The overs finished so quickly that it was almost embarrassing! I really didn’t come with much stuff! My dad gave the movers a tip, and as the movers left, he turned to me and remarked, “Well, if you need anything, give us a call!”

“I will!” I gave him a hug.

As I hugged my mom, she promised, “I’ll always cook an extra plate of food for dinner. Come over any time!”

“Thank you!” I could tell they were really happy I was back, but they could tell I was a little depressed. I watched them leave, and I felt a little guilty for now showing a little more gratitude. Also, watching them leave gave me a twinge of loneliness. I wanted my own place, but I didn’t expect it to make me feel so alone!
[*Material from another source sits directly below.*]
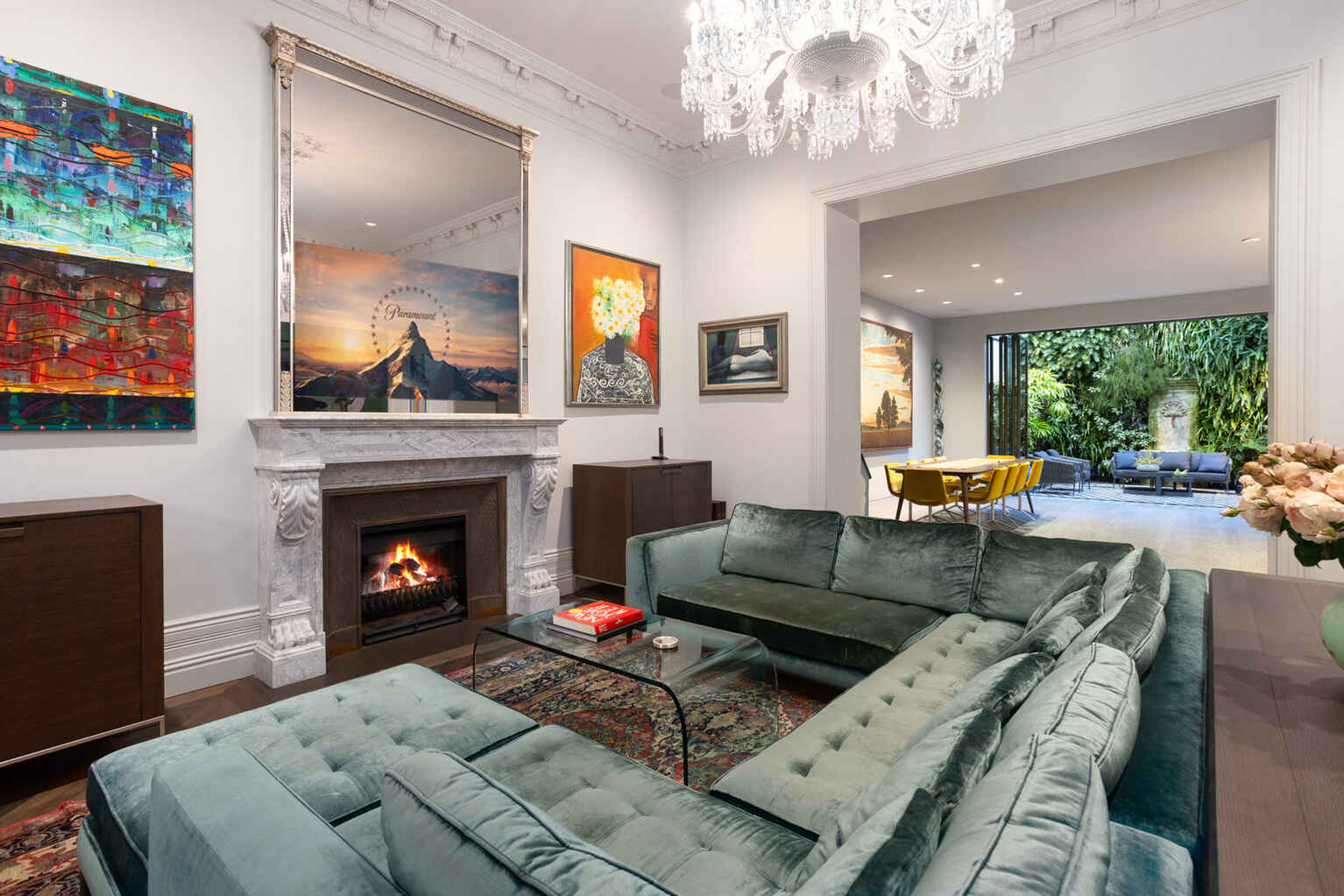 29 Challis Avenue Potts Point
I decided to unpack the luggage in my new bedroom first. Most of my clothes were in there, and I really wanted to find my comfy clothes and just relax. As I sat on my new but old full sized bed and began to dig through my bags, I heard a loud meow! It startled me since I thought I was alone! After a mini heart attack, I registered that a cat probably wasn’t a threat! I turned around to see a skinny white cat with black spots that reminded me of a Jersey cow. It stared at me with its big, green eyes in an expectant way, so I opened the window and, figuring it was a neighbor’s cat, I gently directed it, “Go home, Kitty!” The cat didn’t move. I saw its collar said “Finn,” so I told him, “Oh, Finn. Go home, Finn!” He stayed rooted to the spot. I groaned a little because I figured I would have to help him find his owner and I really wasn’t in the mood for an errand. I turned the tag around and saw my new address! “Oh, you were Aunt Sabine’s cat!” Then it dawned on me, I just inherited a cat! I felt sorry for him being alone in the cold for all this time, but it didn’t seem like a good idea for me to take on a cat when I could barely afford to feed myself! I thought about shutting the window and letting him survive on his own, but my ungloved hands were starting to get cold. I saw the sad look on his face, and it just melted my heart! “Oh! I love you already!” I picked him up, brought him inside, and shut the window. Finn immediately curled up next to me on the bed, and as I pet him, I relished in the idea that maybe this was the first good sign of the rest of my journey here!